Findings Video conference with Azure Virtual Desktop using Meet

Introduction
Over the last couple of years, there has been an impressive flux with many businesses and institutions adopting and relying on large-scale remote working and remote learning environments to maintain workforce and learning continuity. During this time, it’s generally been recognised that this type of remote working/learning has been quite successful, with many businesses and institutions continuing remoting working/learning practices or introducing hybrid models with a combination of remote and office work for their staff.
One of the reasons why remote working/learning has been successful is the availability of supporting technologies that have delivered a high standard of human communication and engagement across large numbers of workers or students/faculty in remote environments. Video conferencing applications, which includes video conferencing, screen sharing, IMs and more, are such technologies that have contributed to viable remote working/learning environment success.

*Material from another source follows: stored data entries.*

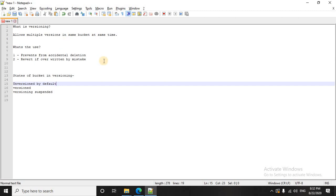In S3 also, here you can see there are two major uses of versioning. First of all, it prevents from accidental deletion. Obviously sometimes you upload a file and your file gets deleted by mistake. If versioning is not enabled, your data is lost and boom, all your hard work is now gone.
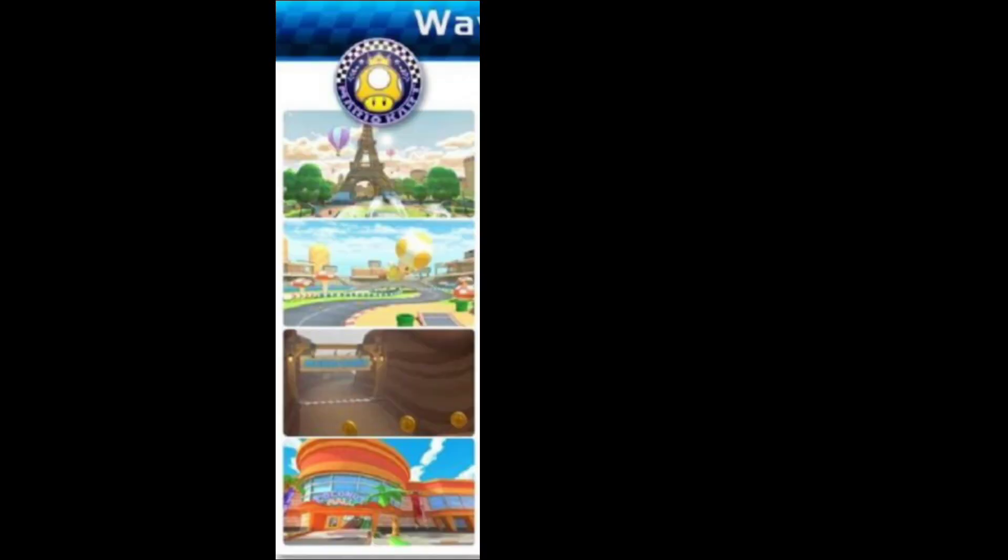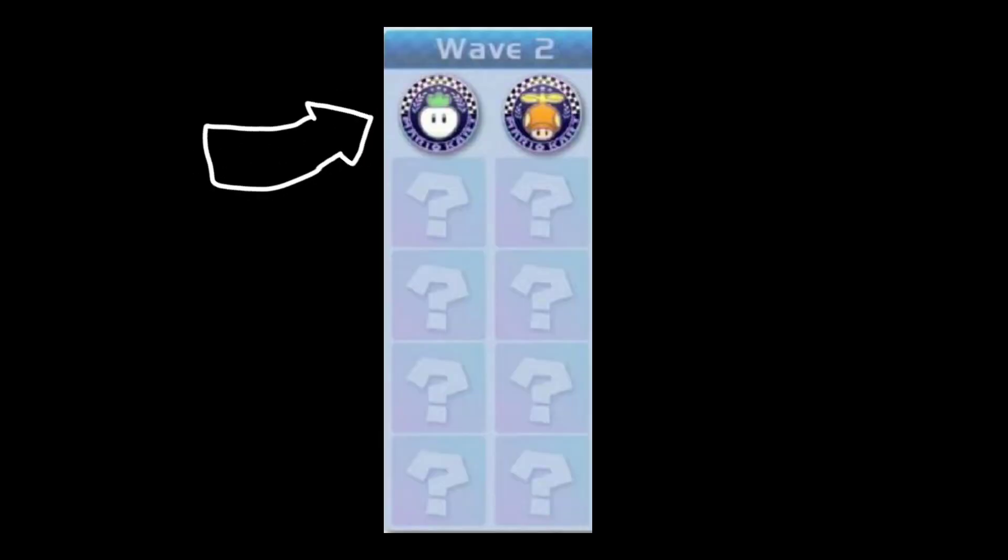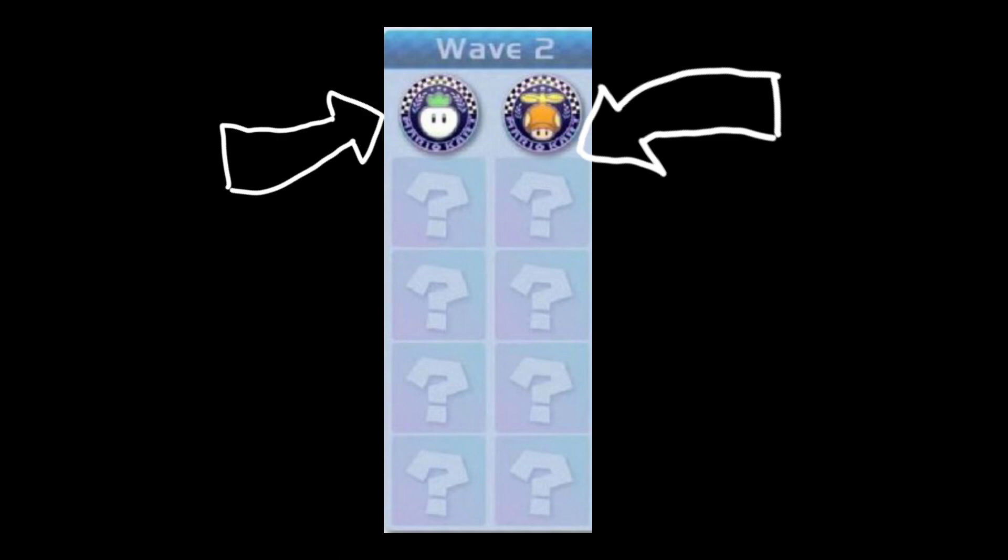Wave 1 was released on March 18th this year. Those cups were the Golden Dash Cup and the Lucky Cat Cup. Now, in the official Nintendo trailer, we can see that Wave 2 will be the Turnip Cup and the Propeller Cup. Also in the trailer, we can see eight courses to be released at a time over six waves by the end of 2023.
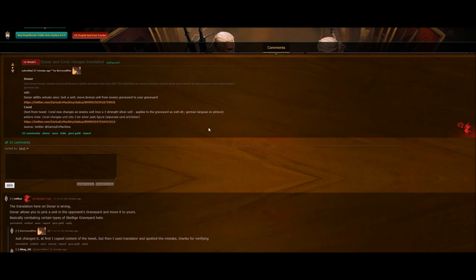Donar's ability - he now locks a unit and moves a bronze unit from your enemy graveyard to yours. So he doesn't steal from the deck anymore, which makes a lot of sense. It was kind of just weird that he pulled something from your deck, so it's a good change.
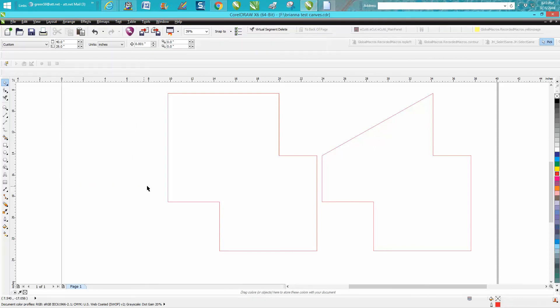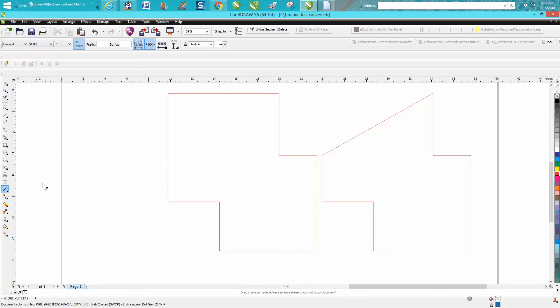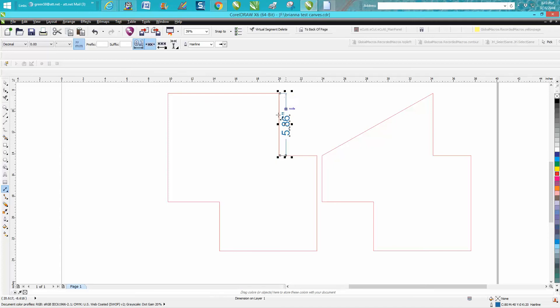So to move this node down to here and have it equal, instead of using guidelines and taking the time, what I would do is use a parallel dimension tool and measure from that node to that node, and you've got 5.86.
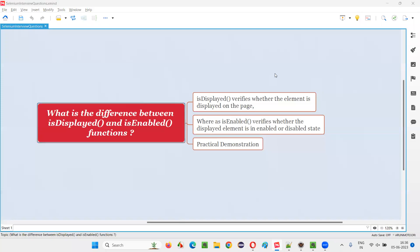Hello, all. Welcome to this session. In this session, I'm going to answer one of the Selenium interview questions. That is, what is the difference between isDisplayed and isEnabled functions? Let me answer.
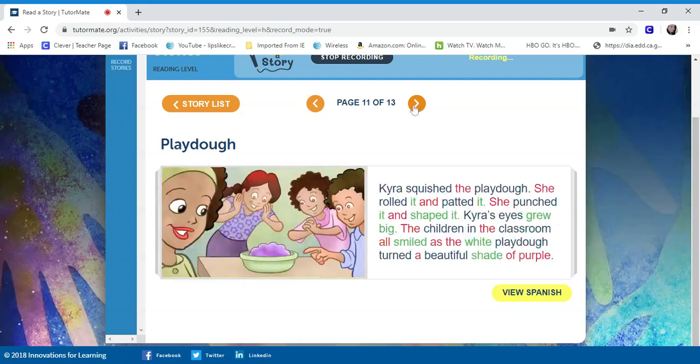Tyra squished the Play-Doh. She rolled it and patted it. She punched it and shaped it. Tyra's eyes grew big. The children in the classroom all smiled as the white Play-Doh turned a beautiful shade of purple.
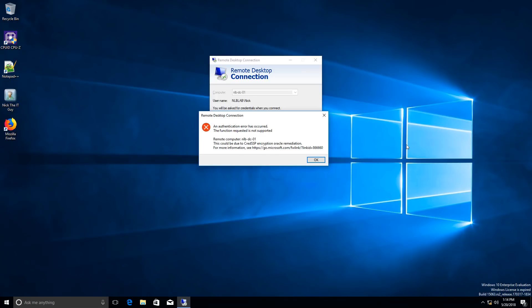My client has been patched with the latest updates, but the server on the other hand has not been. This basically blocks the ability for me to do remote desktop to this server. I'm going to show you a workaround that you can do on the client temporarily, until you patch your environment with the latest updates so you can be fully protected from this vulnerability.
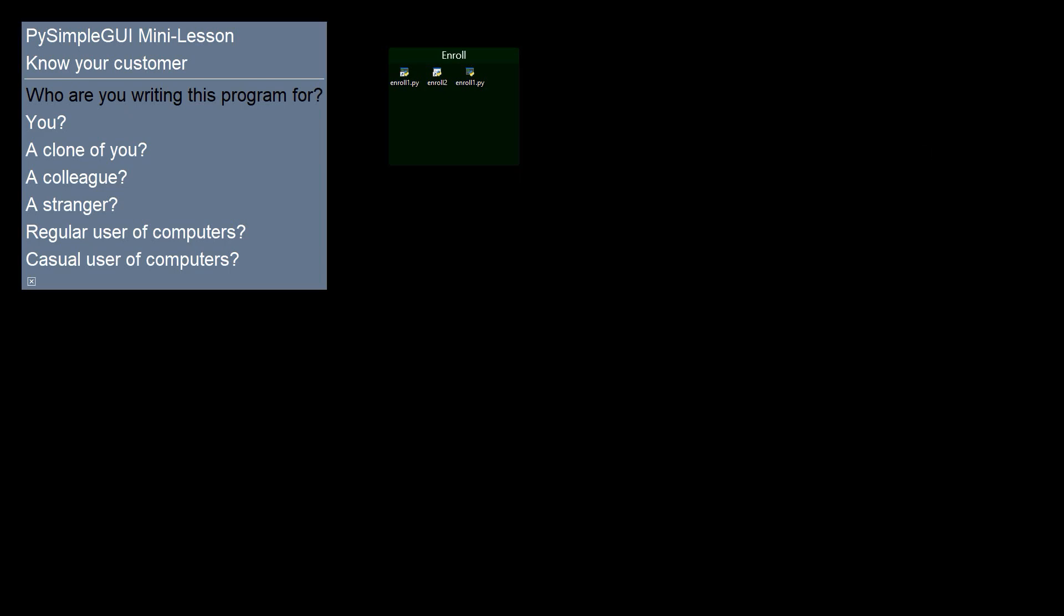Thanks for taking a moment to watch my mini lesson here on knowing your customer. When you write programs, whether it's Python or any other language, knowing your customer is an important step to take. It will guide you throughout your development.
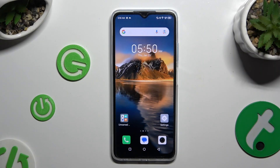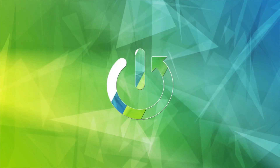In front of me is the Infinix Hot, and today I would like to show you how you can use split screen.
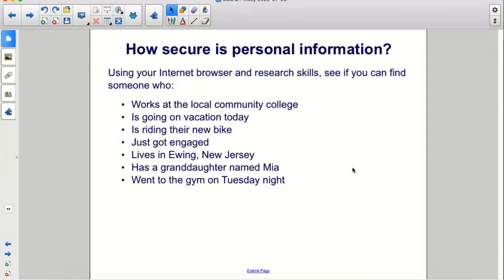Using your internet browser and research skills, see if you can find someone who works at the local community college, is going on vacation today, is riding their new bike, just got engaged, lives in Ewing, New Jersey, has a granddaughter named Mia, and went to the gym on Tuesday night.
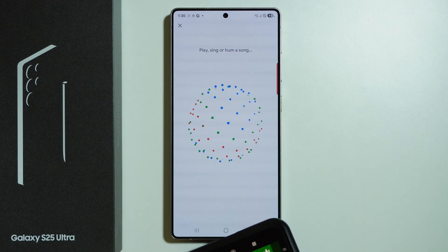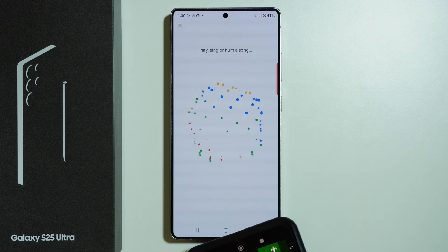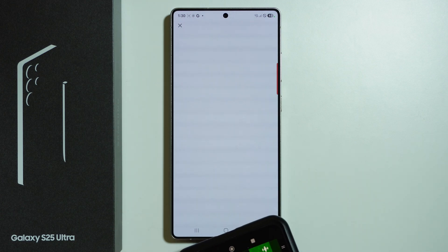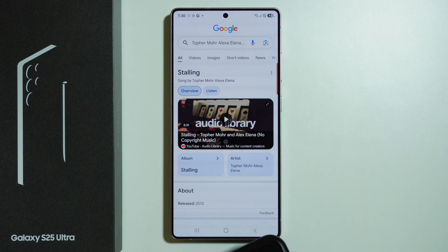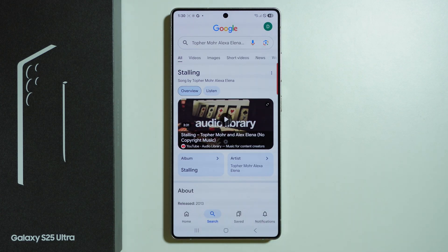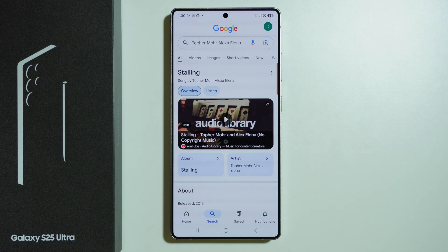I'm going to play one pretty quickly and let's see if it works. And there we go — we have our result. This is how we can search for a song.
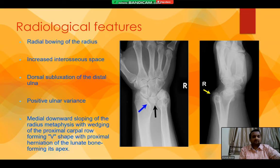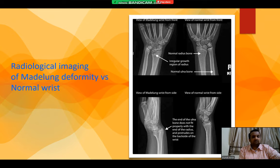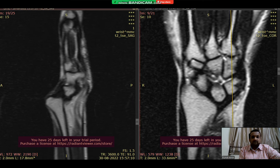Here is an image of the X-ray showing the same points. This image shows normal wrist versus Merlung Deformity. In the Merlung Deformity, we can see the end of the ulnar bone does not fit properly with the end of the radius and protrudes on the back side of the wrist. This MRI image is showing the same thing.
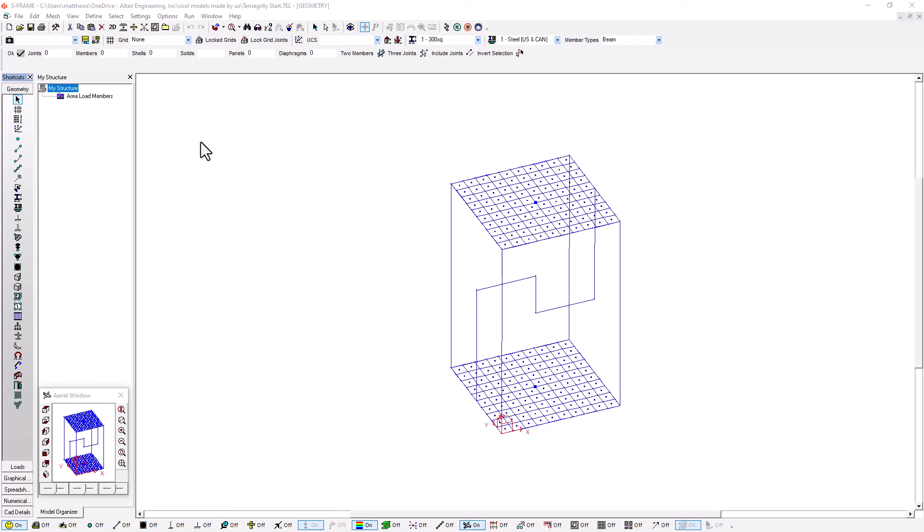Hello everyone, welcome to this video where we're going to be looking at an interesting application for cable elements — a tensegrity structure which relies on a unique combination of cable elements, tension-only members effectively, to support itself in what looks to be a gravity-defying way. We're going to dive into this further and also look at how we can set this model up in S-Frame.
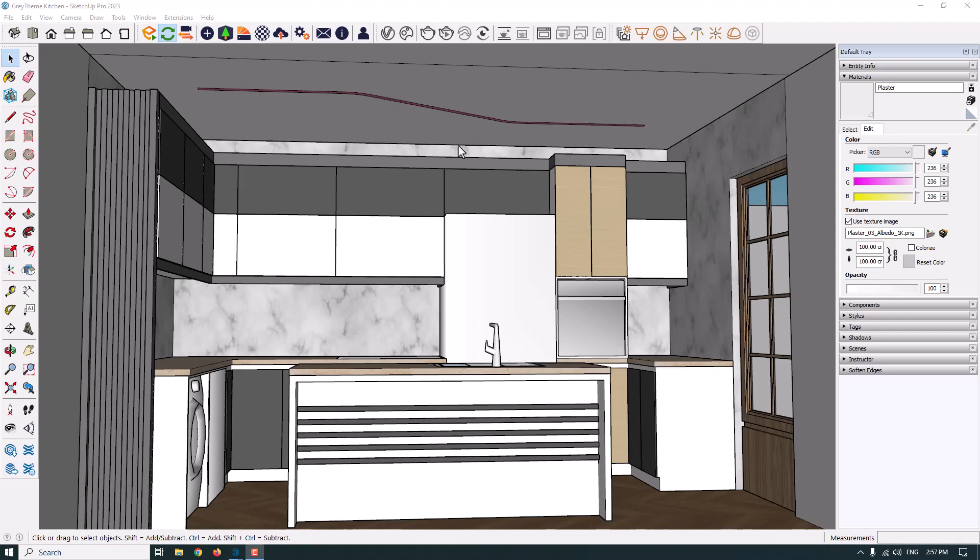Hello guys, welcome to the SketchUp ArcStudio. Today we have an important tutorial about rendering in Enscape — let's get to work.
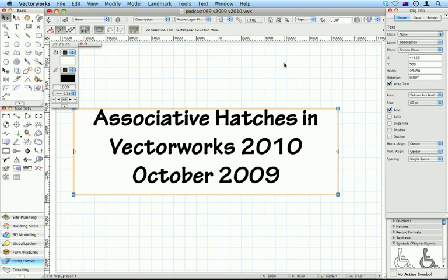Now, I'm sure you've seen associative hatches before in Vectorworks, but I'd like to show you how associative hatches work in Vectorworks 2010.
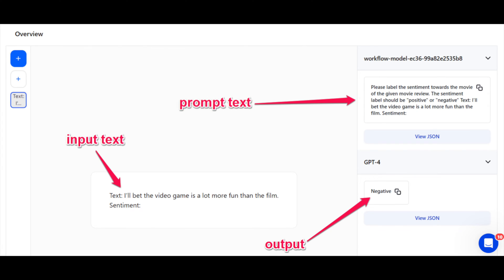In zero-shot prompting, the model generates output or makes predictions without explicit examples or training. It simply requires providing a clear prompt for the LLM to generate relevant responses. The LLM is then able to use its pre-trained knowledge to complete the task. This technique is effective for straightforward problems such as classification, text generation, and text transformation.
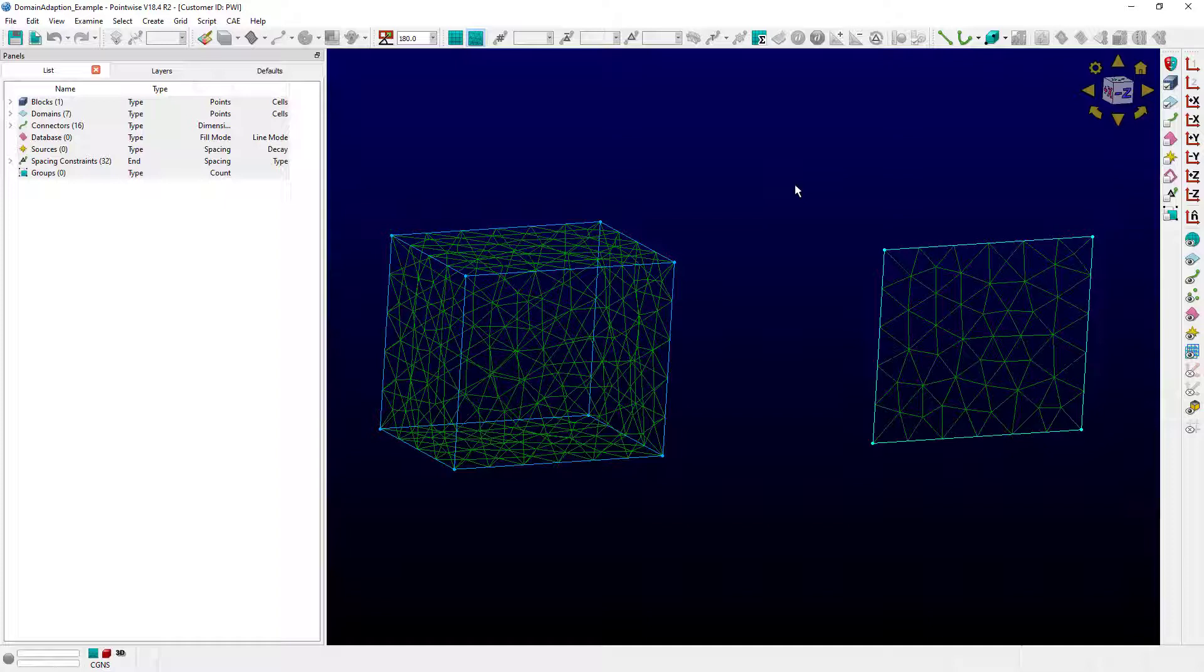Here we see a simple unstructured block and a simple unstructured domain. Both have uniform cell sizes throughout. I'm going to show you the new way first.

But to use these applications to their fullest potential, a robust IT infrastructure is also a must. Many large enterprise companies, as well as SMB and other institutions have centralised their IT environment into virtualized desktop infrastructure (VDI), either as an on-premises solution or as a managed-service by cloud service providers (CSP). Centralizing resources, applications and data into a single infrastructure allows for better IT management and security of vital resources and data which can help improve workforce productivity, data security and IT efficiencies.
Investigation overview
This blog details a recent technical investigation where popular video conferencing applications are deployed on AMD-based Azure instances to determine the performance of each application, the number of deployable users in a multi-session environment, and the user experience each person would receive. The AMD-based instances includes both CPU-only based instances and CPU+GPU based instances to understand the impact of GPU-enabled resources to the density and experience of the users.
So next let’s look at the various parameters for the investigation.
The Lab:
For the investigation, we had three areas of consideration:
![]() | ![]() | ![]() |
1) Azure session host | 2) Application | 3) End-point devices |
Azure Session Host
For the host, we used Microsoft Azure. The system used Windows 10 Multisession 1909, running on Microsoft Remote Desktop Protocol (RDP) in Azure Virtual Desktop. The instances used are NV32asV4 (32 vCPU/112 GB/ 1xGPU), D32av4 (32 vCPU/112 GB) and D32sv4 (32 vCPU/112 GB). The host was in West Europe (Amsterdam) and the tests we conducted in Hinnerup, Denmark – with a rough distance of 500 miles from the datacenter.
Applications
The applications we used as part of this investigation are listed below. These are the most used video conferencing applications used to for remote working/learning.
1) Meet
Google Meet is running from a Google Chrome Enterprise browser which is installed in the multisession machines in AVD.
Endpoint devices
The investigation looked at using physical end point devices as opposed to virtual, giving a truer representation of the environment and experience. This as a result limited the sample size to 15+1 concurrent users, due to lab space.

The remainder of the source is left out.